Nov. 28 (EIRNS)—Associated Press reported today that Rep. Charles Rangel (D-N.Y.) intends to fight the censure resolution being proposed by the House Ethics Committee; he will argue to the House that the most severe punishment he should receive should be a reprimand (which would not require him to stand in the well of the House and be scolded by Speaker Nancy Pelosi). According to sources close to Rangel, he is planning to ask Ethics Committee chairwoman Rep. Zoe Lofgren (D-Calif.) for time to argue his case on the House floor, where he will say that censure has been imposed for violations including bribery, accepting improper gifts, personal use of campaign funds, and sexual misconduct—none of which is present in his case.

Politico notes that Rep. Gene Green (D-Texas), who chaired the subcommittee that conducted the Rangel probe, told reporters at the end of July that the subcommittee had recommended a reprimand for Rangel. Green later retracted those comments under pressure from Lofgren.

Politico also reports that the House vote on the censure motion is expected to take place this week. It must take place during the lame-duck session, or the committee's action expires.

U.S. Postal Cuts Hit Blacks, Rural Areas the Hardest

Nov. 26 (EIRNS)—The U.S. postal system, established as a nation-building measure in 1775 by Benjamin Franklin and the Continental Congress, is being dismantled, step by step, by today's puppets of our nation's British imperial enemies. The service has been operated as a quasi-independent agency since 1971 (another crime of Richard Nixon), required to be "self-sufficient," as if it were just any private corporation. Now, the Obama Administration is taking it further.

On Nov. 12, the U.S. Postal Service announced that it had lost $8.5 billion in the fiscal year that ended in September. These losses occurred despite (or perhaps, because of) more than $9 billion in cuts in the last two years, including the elimination of about 105,000 full-time jobs. The Postal Service is looking at further reduction of delivery schedules and routes, including ending Saturday delivery, and closing "unprofitable" post offices.

Rep. Darrell Issa (R-Calif.), who is set to lead the House committee overseeing postal affairs, said the USPS should urgently consider further cost cuts to help match its revenues. "Congress has an obligation to ensure that effective solutions are implemented and taxpayers don't get stuck paying for a bailout," Issa said.

This policy will cut off entire communities from service. The same process occurring with the deregulation of transport and the cutbacks in health care, will now occur in communication by mail.

National Public Radio's "Morning Edition" is broadcasting a series on Postal Service cuts, which documents this point. Today, it focused on the impact on blacks, using as an example East Cleveland, Ohio, where the only post office has been downsized from nearly 100 employees to just one. The city will lose $100,000 in annual tax revenue from transferred and laid-off workers. Mayor Gary Norton describes how this downsizing hurts this city, where a third of the residents don't have cars: "The Post Office made a move that basically takes the people who are least able to get to the Post Office and moves it away, so when they've got large packages, when they've got certified letters, when they need to get something from the Post Office, [they] just can't do it here."

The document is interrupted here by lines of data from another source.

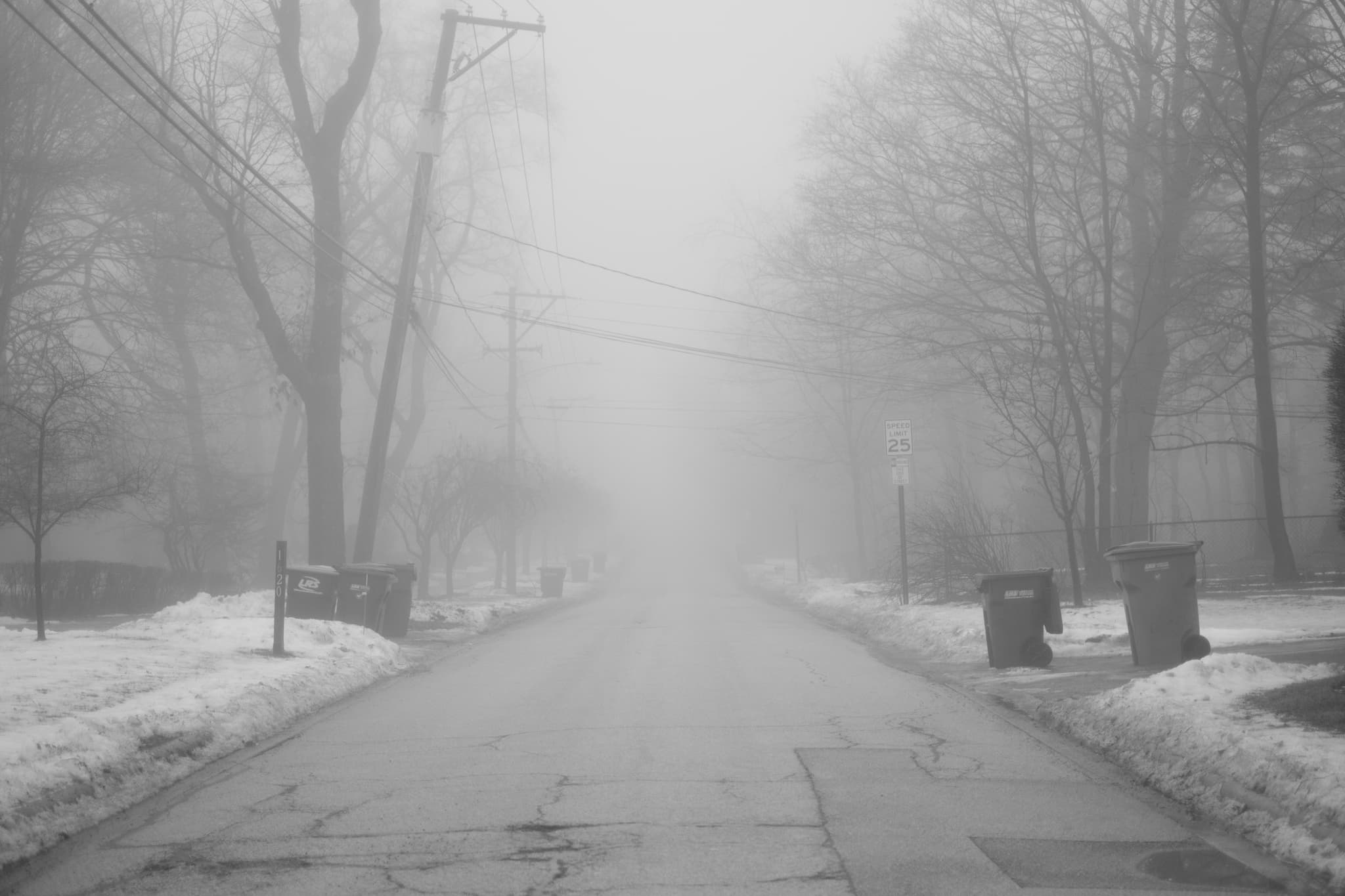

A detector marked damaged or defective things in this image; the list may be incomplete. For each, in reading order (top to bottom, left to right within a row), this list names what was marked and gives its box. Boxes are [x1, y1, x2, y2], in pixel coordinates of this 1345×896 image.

cracked pavement [5, 565, 1319, 893]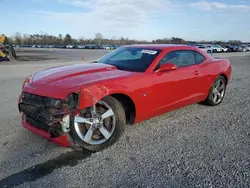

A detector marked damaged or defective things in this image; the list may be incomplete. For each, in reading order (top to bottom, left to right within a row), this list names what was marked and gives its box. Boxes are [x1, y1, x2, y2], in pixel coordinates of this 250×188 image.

crumpled hood [30, 62, 136, 89]
damaged front end [18, 91, 79, 145]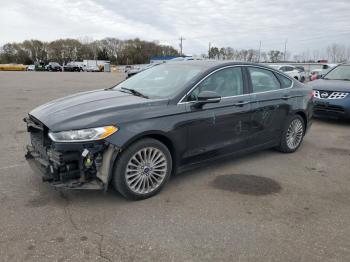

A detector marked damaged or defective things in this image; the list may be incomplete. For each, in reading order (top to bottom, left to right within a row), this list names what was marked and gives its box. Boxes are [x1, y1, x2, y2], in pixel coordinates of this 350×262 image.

front bumper damage [23, 116, 119, 190]
broken headlight [48, 126, 118, 142]
damaged ford fusion [25, 61, 314, 201]
cracked asphalt [0, 70, 350, 260]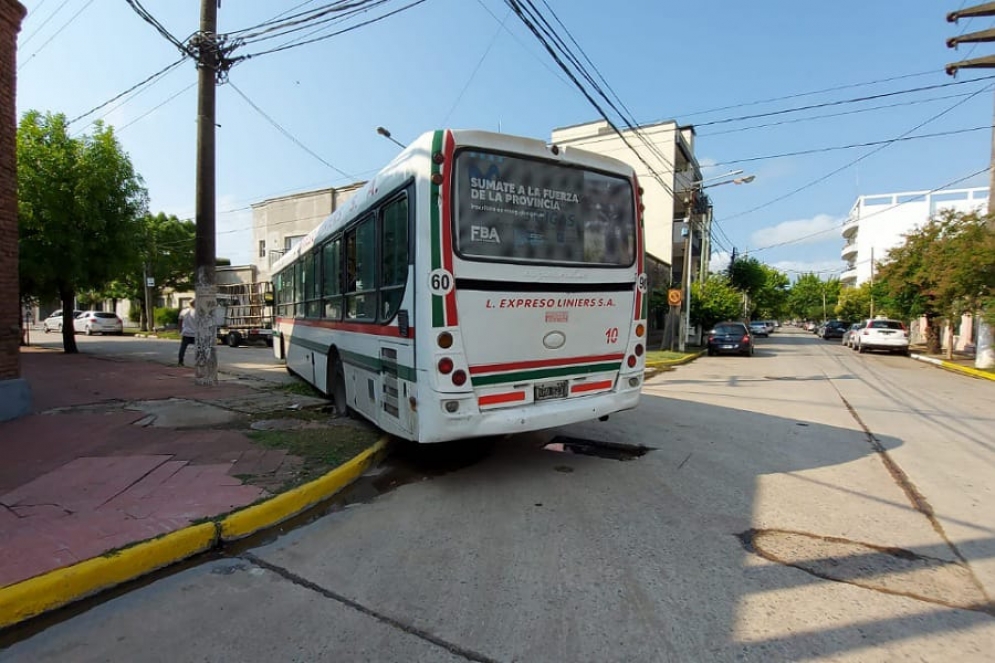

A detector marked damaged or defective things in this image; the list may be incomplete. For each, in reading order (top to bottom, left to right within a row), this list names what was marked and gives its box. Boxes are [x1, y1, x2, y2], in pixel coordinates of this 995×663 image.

pothole in road [544, 436, 652, 462]
pothole in road [736, 528, 992, 616]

North Carolina A&T State University Prof. Philip Rubio says the Post Office cuts are particularly tough on African-Americans, who have historically made up one-fifth of the Postal Service's workforce. "The current downsizing and attrition, while it's been devastating to all postal workers, it's been especially devastating to the African-American community," Rubio says.

Conservative Examiner Calls for Removal of Obama

Nov. 23 (EIRNS)—A Nov. 14 article in the Conservative Examiner (a news/politics website), cites the demand of LaRouche Democrat Kesha Rogers, the 2010 Democratic Congressional candidate in the Texas 22nd C.D., who called for President Obama to be removed from office. The articles points out that Rogers made it a centerpiece of her campaign to call for the removal of Obama from office, not by impeachment, which would involve a lengthy process in Congress, but by invoking the 25th Amendment, which specifies how a sitting President can be removed immediately, based upon the opinion of the Vice President and Cabinet that he is unable to fulfill the duties of office. The article says that Rogers is convinced that Obama is unfit to serve and must be removed.

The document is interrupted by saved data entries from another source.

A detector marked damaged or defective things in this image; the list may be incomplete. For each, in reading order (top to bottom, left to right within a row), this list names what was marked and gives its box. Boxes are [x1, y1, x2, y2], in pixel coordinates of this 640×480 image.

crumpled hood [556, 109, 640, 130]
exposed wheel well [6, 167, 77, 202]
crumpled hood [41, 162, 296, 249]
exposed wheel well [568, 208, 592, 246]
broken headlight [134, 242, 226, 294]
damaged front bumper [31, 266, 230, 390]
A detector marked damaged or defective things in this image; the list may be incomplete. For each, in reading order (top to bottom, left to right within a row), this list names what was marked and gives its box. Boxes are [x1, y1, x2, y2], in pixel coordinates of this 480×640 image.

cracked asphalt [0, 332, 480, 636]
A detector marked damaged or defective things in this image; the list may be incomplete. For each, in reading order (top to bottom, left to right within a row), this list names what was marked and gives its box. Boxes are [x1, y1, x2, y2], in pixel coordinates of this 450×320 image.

Prof. Cornel West Blasts Obama

Nov. 28 (EIRNS)—RollingOut.com, which covers African-American affairs, reports that "the small trickle of blacks speaking out against the policies of President Barack Obama is beginning to resemble something more along the lines of a steady stream."

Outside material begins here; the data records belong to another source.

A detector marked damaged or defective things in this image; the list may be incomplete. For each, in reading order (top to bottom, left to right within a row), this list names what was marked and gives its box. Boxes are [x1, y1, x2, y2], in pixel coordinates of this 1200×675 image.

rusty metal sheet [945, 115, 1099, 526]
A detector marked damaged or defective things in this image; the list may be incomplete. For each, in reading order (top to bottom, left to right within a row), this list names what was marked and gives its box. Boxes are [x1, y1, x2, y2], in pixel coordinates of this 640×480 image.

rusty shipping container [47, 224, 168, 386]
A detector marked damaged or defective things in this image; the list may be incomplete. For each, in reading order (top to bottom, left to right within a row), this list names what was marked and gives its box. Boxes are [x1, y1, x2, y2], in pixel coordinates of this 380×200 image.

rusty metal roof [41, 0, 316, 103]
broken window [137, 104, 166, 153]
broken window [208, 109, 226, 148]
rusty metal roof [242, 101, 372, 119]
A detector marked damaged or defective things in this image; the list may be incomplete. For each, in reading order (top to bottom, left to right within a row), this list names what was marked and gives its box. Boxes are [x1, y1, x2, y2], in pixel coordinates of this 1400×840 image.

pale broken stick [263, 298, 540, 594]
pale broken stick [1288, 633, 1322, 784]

It cites, as the latest former supporter of Obama to speak out against him, author and Princeton University Prof. Cornel West, who compared Obama to former President George W. Bush, in not caring about the black poor, during a Nov. 19 interview with Democracy Now.

"The Obama administration seems to have very little concern about poor people and their social misery," West said. "Look at the policies vis-à-vis Wall Street, downplaying Main Street; look at the policies of black farmers, a settlement already in place, but they don't want to execute it because they don't want to be associated with black folk too explicitly; look at the policies of dilapidated housing; we can go right across the board. Look at the policies of the new Jim Crow system: the Prison-Industrial Complex."

West said that in the first two years of the Obama Administration, "There is simply no mention of poor people's plight," and he went on to explain: "It's very clear that the people around President Obama, the economic team, pro-Wall Street, pro-oligarchy, pro-plutocracy in terms of preoccupation with investment bankers, very little concern about jobs ... for every day people ... very little concern about homes for everyday people, very little concern about transforming conditions that deal with some of the crime out here, with all of this terrorism taking place between poor people and other poor people...."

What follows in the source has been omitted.